Financial reports show that the total revenue for the first half of 2024 was $28.162 billion, a year-on-year decrease of 11%. The revenue for Q2 2024 was $13.2 billion, a year-on-year increase of 2%, surpassing market analysts' expectations of $12.96 billion. Excluding the contributions from the COVID-19 vaccine (Comirnaty) and the oral COVID-19 medication (Paxlovid), Q2 revenue increased by 14% year-on-year. This marks the first quarter of positive growth since the global impact of COVID-19 began to wane in Q4 2022, indicating that Pfizer has adjusted its position and is embarking on a new starting point.
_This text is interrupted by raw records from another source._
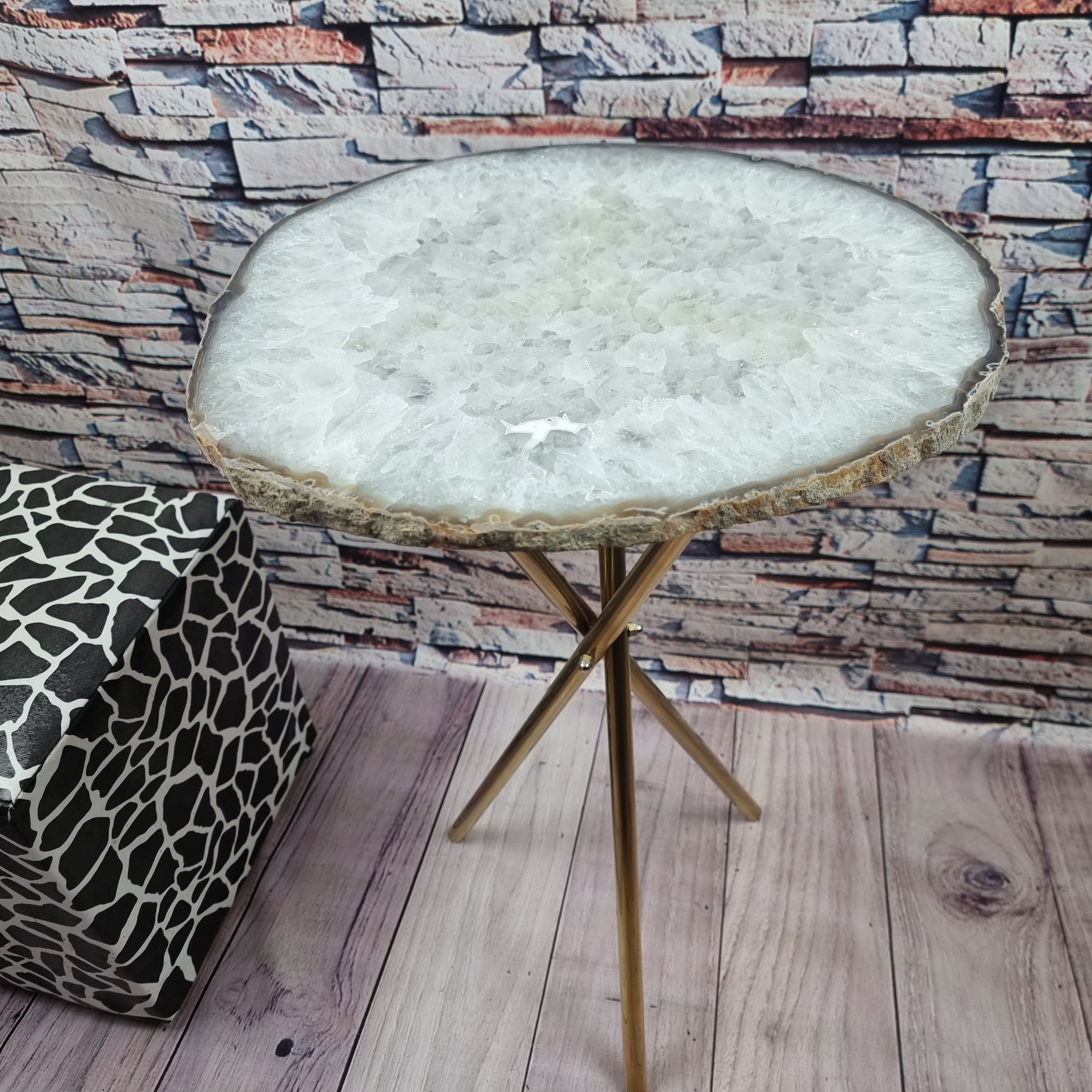 Mesa Auxiliar de Ágatas BLANCA Especial | Base Trípode Latón Oro | Altura de 60 cm - Pieza Artesanal BR Crystals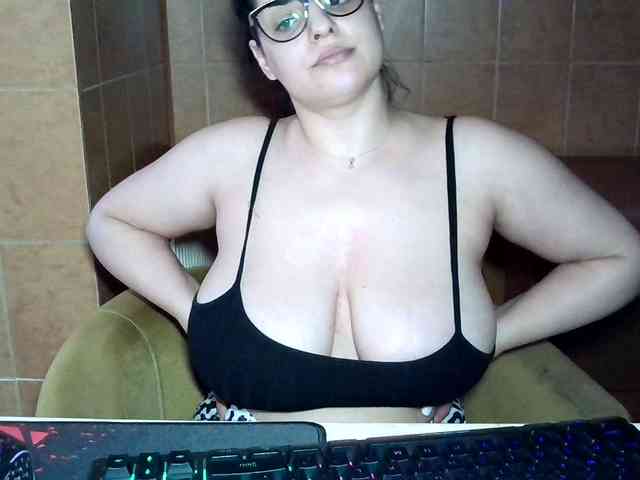 MoniqQuuen webcam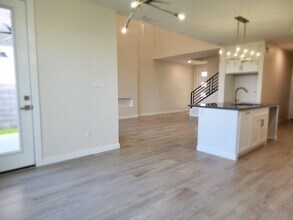 7506 Cresta Bella St in Laredo, TX - Building Photo - Building Photo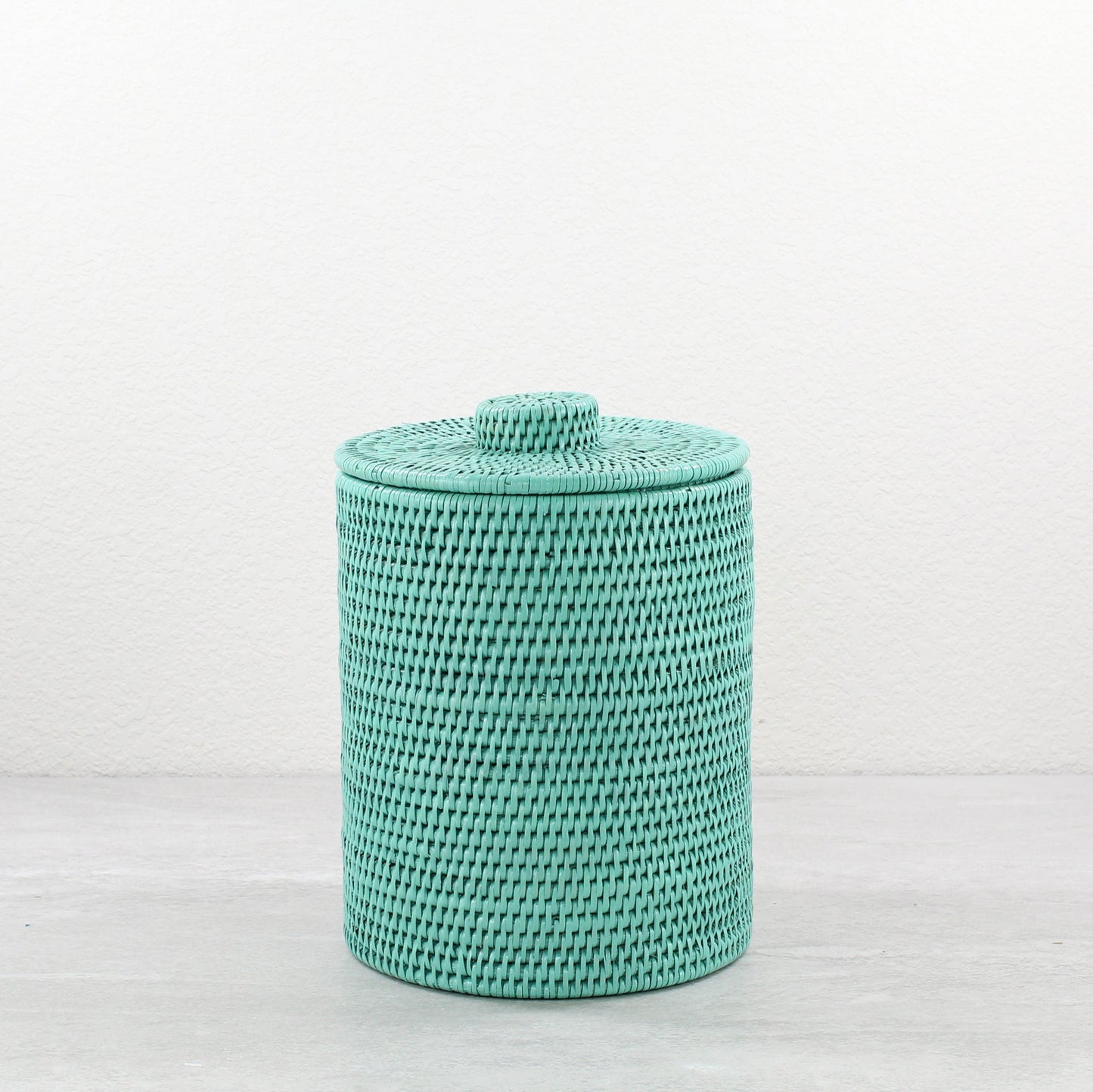 Rattan_Round_Waste_Bin_with_Lid_Plastic_Insert_-Sustainable_Home_Organizing-Turquoise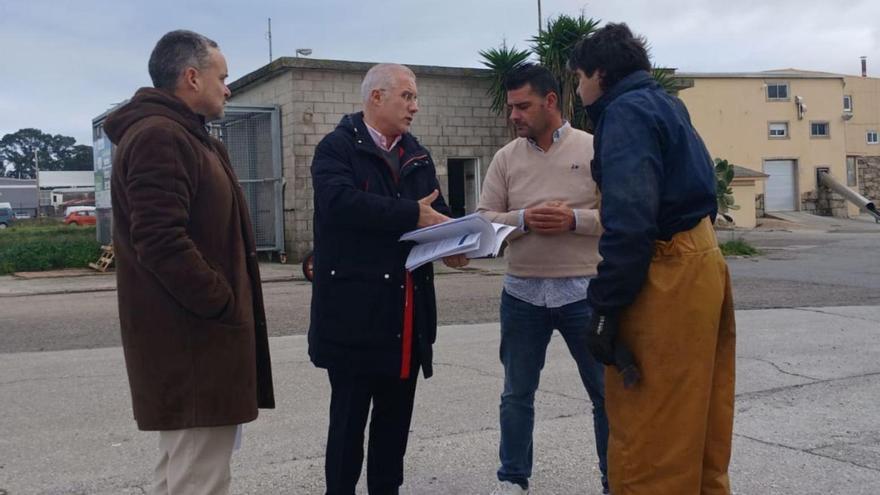 El director de Portos de Galicia con dirigentes de Amegrove. |  FdV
By business segment, in the first half of 2024, the revenue from the COVID-19 product Paxlovid was $2.286 billion, a year-on-year decrease of 46%; the revenue from Comirnaty was $548 million, a year-on-year decrease of 88%. Although the performance of COVID-19 products continued to decline rapidly, Pfizer's oncology business grew significantly in the first half of 2024. According to the financial report, the oncology business revenue reached $7.505 billion, a year-on-year increase of 23%.

Among them, the sales of the blockbuster breast cancer drug CDK4/6 inhibitor Ibrance (palbociclib) declined (-8%), but it still ranked first in the oncology drug sales chart with an income of $2.184 billion. The androgen receptor signaling inhibitor Xtandi (enzalutamide) earned $913 million (+20%), ranking second, while the third-generation ALK inhibitor Lorbrena (lorlatinib) also showed growth ($332 million, +46%).
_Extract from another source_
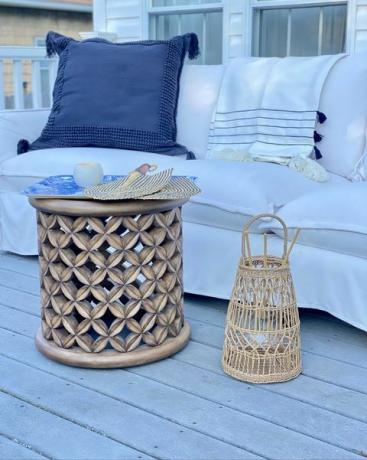 taburete bamileke, terraza al aire libre, patio al aire libre, sofá blanco, muebles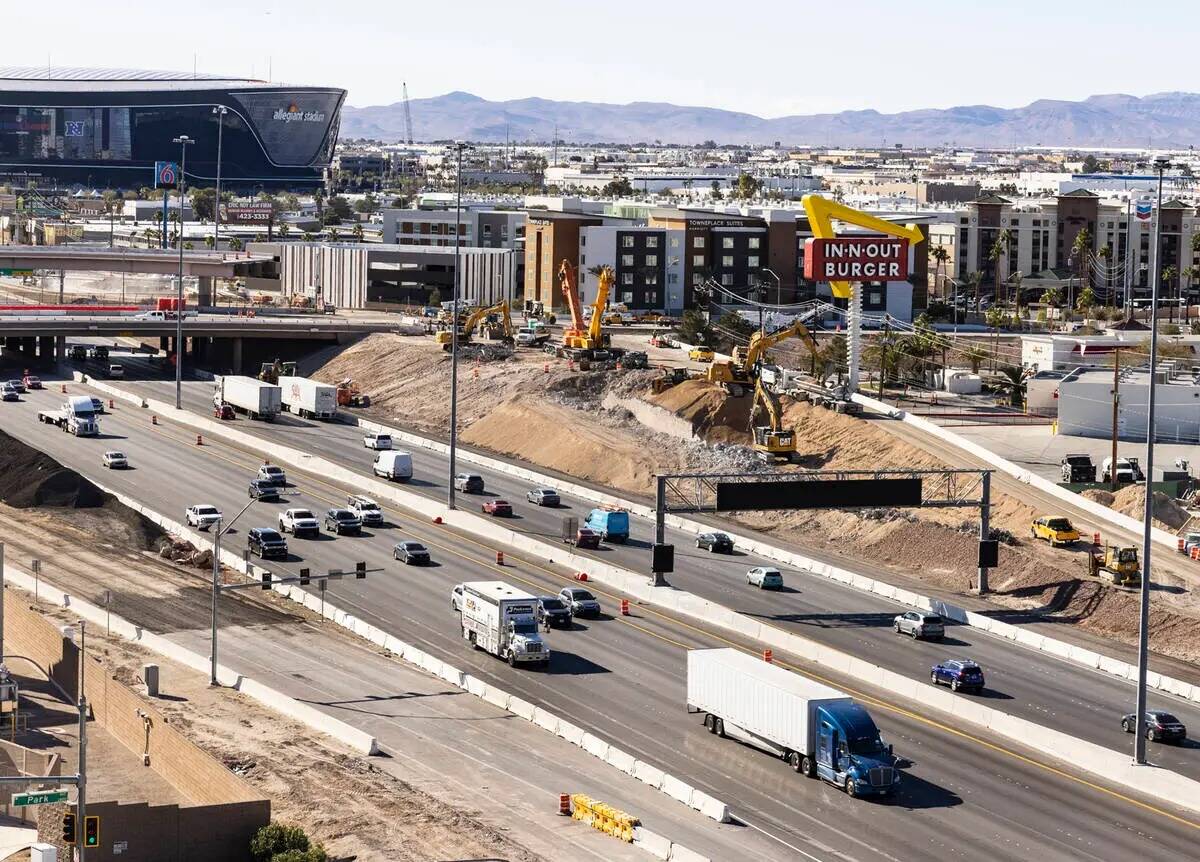 La construcción está en marcha en la Interestatal 15 cerca de Tropicana Avenue el 26 de enero ...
Additionally, ADC products acquired from Seagen, such as Vyndaqel (tafamidis), Eliquis (apixaban), and Nurtec ODT/Vydura, have also started contributing to revenue.

AbbVie

Humira Loses Ground, Autoimmune Duo Steps Up

AbbVie's total revenue in the first half of 2024 was $26.772 billion, a year-on-year increase of 3.7%. Among this, classified by therapeutic areas, immunology, neuroscience, and oncology were the three largest fields, with revenues of $12.342 billion (+0.6%), $4.127 billion (+15.6%), and $3.177 billion (+11%), respectively.

In the autoimmune field, in the first half of 2024, Humira (adalimumab) failed to reverse its declining performance, dropping by approximately 32% to $5.084 billion, with an expected annual revenue falling below $10 billion. However, AbbVie’s two star products in the autoimmune sector, Skyrizi (risankizumab) and Rinvoq (upadacitinib), maintained strong growth rates, generating revenues of $4.735 billion (+46.6%) and $2.523 billion (+60.4%), respectively. Among them, Skyrizi is expected to surpass $10 billion in revenue by the end of the year.

In the oncology field, Imbruvica (Ibrutinib) continues to lose market share, with H1 revenue reaching $1.671 billion (-6.4%); Venclexta (Venetoclax) shows steady growth, achieving H1 sales of $1.251 billion (+16%); Epkinly, a new CD3/CD20 bispecific antibody for hematological tumors, was approved by the FDA in May last year and generated $31 million in just half a year in 2023, doubling to $63 million in H1 this year. Additionally, Elahere (Mirvetuximab Soravtansine), an FRα ADC drug acquired through AbbVie’s purchase of ImmunoGen at the end of last year, contributed $192 million in revenue within six months.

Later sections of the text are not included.